Het is belangrijk om feedback te geven op processen en op de inspanning van de leerling. Dan creëer je sneller een leerklimaat waarbij de leerlingen zich kunnen ontwikkelen en positief sociaal gedrag bevorderd wordt. Tijdens de muziekles probeer ik hierop te letten. Je ziet een leerling groeien op het moment dat je gerichte feedback geeft, omdat de leerling zich dan gezien voelt. 

SAMENSPEL

 

Samenspel in de muziekles is het meest waardevolle, je bent met zijn allen in het moment, maar het is ook het meest moeilijke van de muziekles. Er gebeurt veel in een kort moment wat veel management vooraf, tijdens en achteraf vraagt.

 

Wat het zo moeilijk maakt is dat een leerling niet in zijn eigen tempo kan spelen, maar zich moet aanpassen aan de ander (vaak de docent). De leerling hoort zijn eigen instrument, maar ook die van anderen. Dit is een auditieve prikkel. Tegelijkertijd kan dit ook weer steun geven, want je herkent het.

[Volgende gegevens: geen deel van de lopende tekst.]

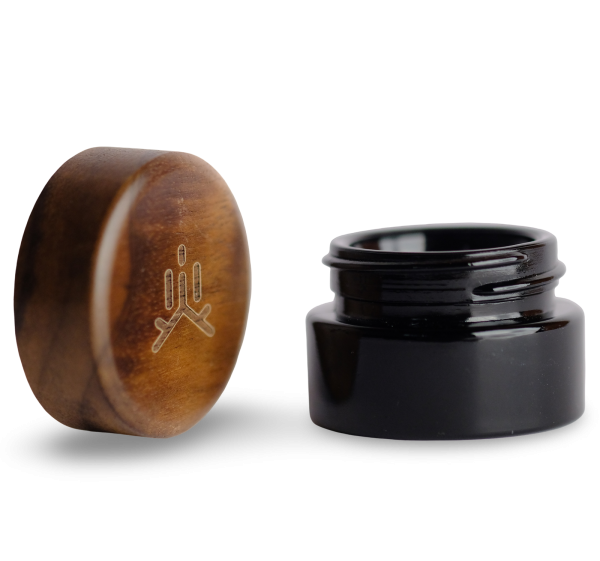 INHALE Infinity Jar – Barattolo per concentrati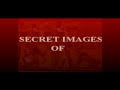 BOOK OF THE DEAD secret images (google earth)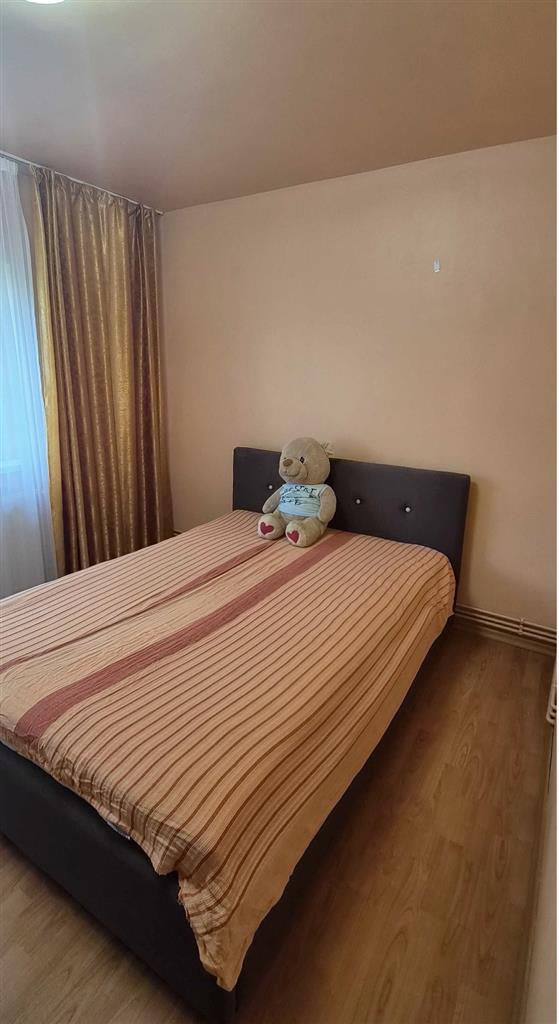 Mobilat si utilat in bloc anvelopat linga parcul Bucovina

In Door kunst onderwezen willen worden (2017) bespreekt Gert Biesta het concept van samenspel binnen kunstonderwijs. Hij benadrukt hoe samenspel essentieel is voor de ontwikkeling van leerlingen. We kunnen niet in ieders tempo een lied spelen, “het vraagt dat we snelheid, tempo en ritme respecteren. Kunst maken, kunst doen, kunst uitvoeren onderwijst ons dus op een heel directe manier wat het betekent om in dialoog te komen, in dialoog te zijn en in dialoog te blijven” (p.83).

 

Dit proces bevordert niet alleen hun technische vaardigheden maar ook hun sociale en emotionele ontwikkeling. Biesta onderstreept dat door middel van samenspel leerlingen betekenisvolle ervaringen opdoen die bijdragen aan hun holistische groei en leren.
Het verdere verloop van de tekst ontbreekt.